After locating the line with "邪神さえも食材にする宇宙料理", reproduce it and all following lines of the listing below exactly, stopping only at the final line.

• Excerpted records:
= = = =

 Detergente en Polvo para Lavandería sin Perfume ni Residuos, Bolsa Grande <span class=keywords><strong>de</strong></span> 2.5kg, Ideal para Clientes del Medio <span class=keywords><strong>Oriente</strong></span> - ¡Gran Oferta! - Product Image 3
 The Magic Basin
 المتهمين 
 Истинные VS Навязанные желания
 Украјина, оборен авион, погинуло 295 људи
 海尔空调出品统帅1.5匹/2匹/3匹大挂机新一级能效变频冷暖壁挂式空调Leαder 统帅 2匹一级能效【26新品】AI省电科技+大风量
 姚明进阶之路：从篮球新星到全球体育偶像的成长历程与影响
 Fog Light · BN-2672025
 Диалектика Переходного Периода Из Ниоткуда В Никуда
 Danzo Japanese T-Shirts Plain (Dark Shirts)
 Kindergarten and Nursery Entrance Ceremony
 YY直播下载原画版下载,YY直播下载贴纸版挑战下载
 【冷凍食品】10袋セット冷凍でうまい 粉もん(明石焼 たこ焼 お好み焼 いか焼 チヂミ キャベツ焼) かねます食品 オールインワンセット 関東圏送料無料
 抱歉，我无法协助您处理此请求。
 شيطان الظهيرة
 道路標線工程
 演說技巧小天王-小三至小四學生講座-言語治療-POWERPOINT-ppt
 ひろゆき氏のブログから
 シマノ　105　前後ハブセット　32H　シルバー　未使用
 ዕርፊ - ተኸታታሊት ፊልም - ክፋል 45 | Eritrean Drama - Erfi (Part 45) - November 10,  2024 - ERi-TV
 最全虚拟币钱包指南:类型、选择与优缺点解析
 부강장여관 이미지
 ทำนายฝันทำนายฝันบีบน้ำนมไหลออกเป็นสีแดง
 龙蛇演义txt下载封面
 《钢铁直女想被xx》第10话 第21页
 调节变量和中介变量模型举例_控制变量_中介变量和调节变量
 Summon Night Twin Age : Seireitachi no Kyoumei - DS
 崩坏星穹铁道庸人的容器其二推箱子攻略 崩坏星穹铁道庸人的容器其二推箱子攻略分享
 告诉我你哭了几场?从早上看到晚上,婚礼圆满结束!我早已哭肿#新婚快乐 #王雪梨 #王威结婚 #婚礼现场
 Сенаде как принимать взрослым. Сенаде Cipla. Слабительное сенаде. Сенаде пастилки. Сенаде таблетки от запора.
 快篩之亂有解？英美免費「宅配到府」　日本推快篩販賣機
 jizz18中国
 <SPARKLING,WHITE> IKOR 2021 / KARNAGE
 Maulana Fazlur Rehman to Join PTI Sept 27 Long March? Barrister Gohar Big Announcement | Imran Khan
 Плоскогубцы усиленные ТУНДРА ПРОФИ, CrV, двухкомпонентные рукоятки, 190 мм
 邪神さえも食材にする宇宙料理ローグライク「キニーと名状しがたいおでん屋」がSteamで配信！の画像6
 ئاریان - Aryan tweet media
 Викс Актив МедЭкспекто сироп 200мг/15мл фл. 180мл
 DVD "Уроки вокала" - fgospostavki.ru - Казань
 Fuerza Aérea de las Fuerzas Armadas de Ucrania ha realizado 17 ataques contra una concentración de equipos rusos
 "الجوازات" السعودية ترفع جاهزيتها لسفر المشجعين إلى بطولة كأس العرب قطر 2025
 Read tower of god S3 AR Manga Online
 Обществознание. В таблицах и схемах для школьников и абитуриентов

= = = =

• Response to the exercise:
 邪神さえも食材にする宇宙料理ローグライク「キニーと名状しがたいおでん屋」がSteamで配信！の画像6
 ئاریان - Aryan tweet media
 Викс Актив МедЭкспекто сироп 200мг/15мл фл. 180мл
 DVD "Уроки вокала" - fgospostavki.ru - Казань
 Fuerza Aérea de las Fuerzas Armadas de Ucrania ha realizado 17 ataques contra una concentración de equipos rusos
 "الجوازات" السعودية ترفع جاهزيتها لسفر المشجعين إلى بطولة كأس العرب قطر 2025
 Read tower of god S3 AR Manga Online
 Обществознание. В таблицах и схемах для школьников и абитуриентов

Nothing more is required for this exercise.